While it's possible that without redevelopment, some of the public infrastructure, such as water and sewer lines, wouldn't be installed to feed the new development, Russell said it's never been the intention of the redevelopment agency to subsidize the vast array of changes.

"I don't think it's envisioned that we're going to pay for every one of those things," she said.

"We would then be going to find other ways for the private sector to support it," she said of the plan if the agency were eliminated. "It's unknown [how the plan would be affected]. Whether you have redevelopment or not, you now have a plan, a vision, to follow."

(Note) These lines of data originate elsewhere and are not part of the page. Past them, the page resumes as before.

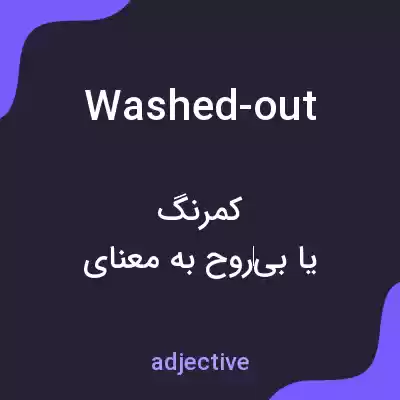 معنی washed-out به فارسی معنی washed-out به فارسی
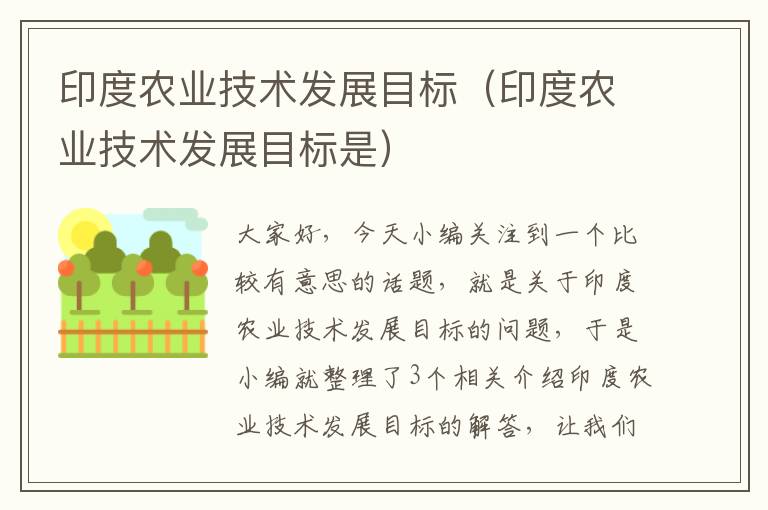 印度农业技术发展目标（印度农业技术发展目标是）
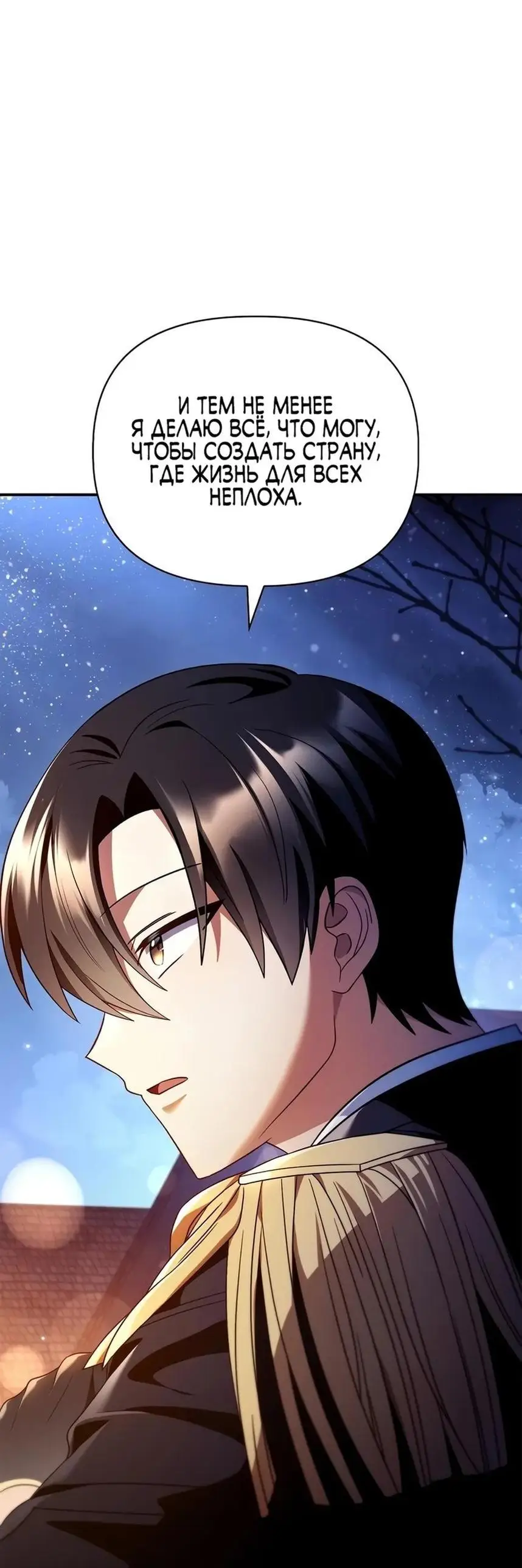 Страница 35 главы 117 манги Инструкция по перерождению / How to Use a Returner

Mamie February 04, 2011 at 05:17 PM
Jenna, Another well done article. Keep up the good work. Until now, I knew very little about any of this, or other important issues in town. Your stories have actually inspired me to get more involved and learn more about what is going on in my community. Thank you. Please do not waiver from your unbaised reporting. You are a breathe of fresh air.

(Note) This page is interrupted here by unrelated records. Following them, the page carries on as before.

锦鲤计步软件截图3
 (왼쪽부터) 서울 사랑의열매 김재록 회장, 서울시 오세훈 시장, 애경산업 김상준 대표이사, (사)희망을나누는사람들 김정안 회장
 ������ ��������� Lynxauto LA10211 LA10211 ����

Colleen February 04, 2011 at 10:27 PM
Agreed Jenna. We appreciate getting unbiased news. Opinions we can form on our own, if we have unbiased facts from our journalists.

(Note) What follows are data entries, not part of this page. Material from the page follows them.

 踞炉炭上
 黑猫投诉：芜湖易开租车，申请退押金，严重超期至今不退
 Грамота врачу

rick lyons February 04, 2011 at 10:47 PM
Cindy Russell, you have go to be kidding. For the past 20 years the City has been paying interest only on the two Kinoshita notes. Not one penny on the principal paid. You recommended to the City Council to renew the notes another 10 years, interest only. 30 years of interest only payments. Does that make good business sense to you?
Jim Reardon February 06, 2011 at 03:03 AM
Mayor Allevato has clearly expressed his preference for continuation of the Redevelopment Law. What he's saying is that he likes the idea of shifting City expenses off on to future property tax payers. But as these future obligations increase, the debt will crowd-out essential public services such as police and fire protection, roads, other basic government services. I'm sure everyone has noticed that government costs us more and delivers less lately. This is because mistakes of the past are catching up. Excessive pension benefits are a form of borrowed payroll -- a gift today to be paid by future taxpayers. Crazy redevelopment ideas are much the same -- awards to insiders today that are to be paid from future tax receipts. It is no different than if the City had simply borrowed the money directly. But of course, it is not possible for them to do that outright without approval of 2/3 of the voters, so they resort to shifting of City costs into the Redevelopment Agency where they have no such restriction. They are quick to tell you, "This costs you nothing. Your taxes won't go up." But the truth is that as a larger share of your future taxes are committed to pay for past activities, future tax increases become inevitable. None of us want to see police, fire and roads deteriorate, and those who are supporting today's crazy schemes are certain we will tax ourselves to protect these services later. Want to pay more for the same services? That day has arrived.
Jim Reardon February 06, 2011 at 03:09 AM
Jeena, This is a great article and an excellent topic. However, please be careful about the facts. Your sub-headline says that the Redevelopement Agency "generates" $9 million. You are parroting the line from City Hall. In truth, the Agency spends $6.2 million each year in excess of its income. The money "generated" does not come back to the Agency. This is a "funny money" number, an estimate of consequential tax receipts that cannot be confirmed. To get to $9 million, the City has to take credit for "generating" all the tax receipts through redevelopment. That is obviously a hoax.